## WHAT YOU ARE ASKED TO DO
Below are lines of data; restate word for word those running from the line containing "UAG ochranný kryt" to the line containing "Clocks-Kirkland's Home Minimal", inclusive, and no others.

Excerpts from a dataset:
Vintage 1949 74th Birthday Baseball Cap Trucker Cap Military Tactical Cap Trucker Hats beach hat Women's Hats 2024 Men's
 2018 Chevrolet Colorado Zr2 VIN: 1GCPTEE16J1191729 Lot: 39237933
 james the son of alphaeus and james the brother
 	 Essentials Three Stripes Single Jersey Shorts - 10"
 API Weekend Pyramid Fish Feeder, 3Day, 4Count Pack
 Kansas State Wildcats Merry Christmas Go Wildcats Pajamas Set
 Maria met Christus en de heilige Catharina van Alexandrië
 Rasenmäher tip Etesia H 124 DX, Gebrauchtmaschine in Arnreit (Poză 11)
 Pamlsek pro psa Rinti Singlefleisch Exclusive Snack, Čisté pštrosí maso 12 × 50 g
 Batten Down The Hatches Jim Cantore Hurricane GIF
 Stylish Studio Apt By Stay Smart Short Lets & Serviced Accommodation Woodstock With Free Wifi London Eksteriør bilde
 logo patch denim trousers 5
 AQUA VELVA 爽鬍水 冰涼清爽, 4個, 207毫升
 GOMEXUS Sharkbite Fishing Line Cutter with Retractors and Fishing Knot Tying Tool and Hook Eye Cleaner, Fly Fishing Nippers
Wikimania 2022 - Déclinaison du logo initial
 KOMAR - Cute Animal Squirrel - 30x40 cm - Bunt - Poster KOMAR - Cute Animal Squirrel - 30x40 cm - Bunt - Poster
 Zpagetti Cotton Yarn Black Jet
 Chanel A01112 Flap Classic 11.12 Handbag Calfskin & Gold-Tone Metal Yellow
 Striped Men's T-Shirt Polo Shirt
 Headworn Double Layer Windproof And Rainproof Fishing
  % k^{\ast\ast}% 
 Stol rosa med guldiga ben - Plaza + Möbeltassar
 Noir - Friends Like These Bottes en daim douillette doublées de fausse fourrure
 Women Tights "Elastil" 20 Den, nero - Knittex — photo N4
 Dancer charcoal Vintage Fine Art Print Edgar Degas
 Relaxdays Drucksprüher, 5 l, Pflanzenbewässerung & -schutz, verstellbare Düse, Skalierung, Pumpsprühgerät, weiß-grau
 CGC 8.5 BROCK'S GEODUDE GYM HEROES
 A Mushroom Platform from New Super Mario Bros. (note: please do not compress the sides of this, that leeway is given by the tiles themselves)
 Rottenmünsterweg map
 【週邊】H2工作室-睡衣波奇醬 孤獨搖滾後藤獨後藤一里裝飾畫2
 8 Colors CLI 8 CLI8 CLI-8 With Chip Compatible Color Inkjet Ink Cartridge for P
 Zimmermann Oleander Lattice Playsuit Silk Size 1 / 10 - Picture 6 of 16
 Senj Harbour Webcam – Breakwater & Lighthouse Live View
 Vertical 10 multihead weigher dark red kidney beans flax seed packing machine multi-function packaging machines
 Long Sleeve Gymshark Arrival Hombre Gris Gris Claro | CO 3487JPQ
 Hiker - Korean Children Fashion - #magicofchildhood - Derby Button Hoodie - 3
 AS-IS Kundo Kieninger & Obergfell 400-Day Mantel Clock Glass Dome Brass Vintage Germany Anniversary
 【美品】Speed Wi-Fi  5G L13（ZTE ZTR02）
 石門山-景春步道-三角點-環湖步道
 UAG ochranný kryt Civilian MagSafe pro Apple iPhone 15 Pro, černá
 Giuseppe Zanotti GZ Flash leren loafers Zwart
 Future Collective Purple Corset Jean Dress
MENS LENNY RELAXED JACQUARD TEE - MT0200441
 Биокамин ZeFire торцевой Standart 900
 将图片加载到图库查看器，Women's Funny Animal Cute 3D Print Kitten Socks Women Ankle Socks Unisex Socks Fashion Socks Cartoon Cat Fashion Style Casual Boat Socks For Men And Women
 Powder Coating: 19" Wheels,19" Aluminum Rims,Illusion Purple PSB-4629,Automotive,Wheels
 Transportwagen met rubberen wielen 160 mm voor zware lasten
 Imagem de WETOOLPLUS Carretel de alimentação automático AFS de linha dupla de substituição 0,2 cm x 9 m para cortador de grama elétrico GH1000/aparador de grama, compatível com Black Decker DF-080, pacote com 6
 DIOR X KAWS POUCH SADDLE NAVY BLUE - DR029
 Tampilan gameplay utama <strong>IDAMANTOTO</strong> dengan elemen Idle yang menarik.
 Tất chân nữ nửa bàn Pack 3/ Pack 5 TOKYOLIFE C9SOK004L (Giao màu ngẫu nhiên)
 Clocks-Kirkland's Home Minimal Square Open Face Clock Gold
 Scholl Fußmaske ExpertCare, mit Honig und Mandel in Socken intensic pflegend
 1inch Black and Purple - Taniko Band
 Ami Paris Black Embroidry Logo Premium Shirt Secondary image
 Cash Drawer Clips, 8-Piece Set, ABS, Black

## WRITTEN ANSWER
 UAG ochranný kryt Civilian MagSafe pro Apple iPhone 15 Pro, černá
 Giuseppe Zanotti GZ Flash leren loafers Zwart
 Future Collective Purple Corset Jean Dress
MENS LENNY RELAXED JACQUARD TEE - MT0200441
 Биокамин ZeFire торцевой Standart 900
 将图片加载到图库查看器，Women's Funny Animal Cute 3D Print Kitten Socks Women Ankle Socks Unisex Socks Fashion Socks Cartoon Cat Fashion Style Casual Boat Socks For Men And Women
 Powder Coating: 19" Wheels,19" Aluminum Rims,Illusion Purple PSB-4629,Automotive,Wheels
 Transportwagen met rubberen wielen 160 mm voor zware lasten
 Imagem de WETOOLPLUS Carretel de alimentação automático AFS de linha dupla de substituição 0,2 cm x 9 m para cortador de grama elétrico GH1000/aparador de grama, compatível com Black Decker DF-080, pacote com 6
 DIOR X KAWS POUCH SADDLE NAVY BLUE - DR029
 Tampilan gameplay utama <strong>IDAMANTOTO</strong> dengan elemen Idle yang menarik.
 Tất chân nữ nửa bàn Pack 3/ Pack 5 TOKYOLIFE C9SOK004L (Giao màu ngẫu nhiên)
 Clocks-Kirkland's Home Minimal Square Open Face Clock Gold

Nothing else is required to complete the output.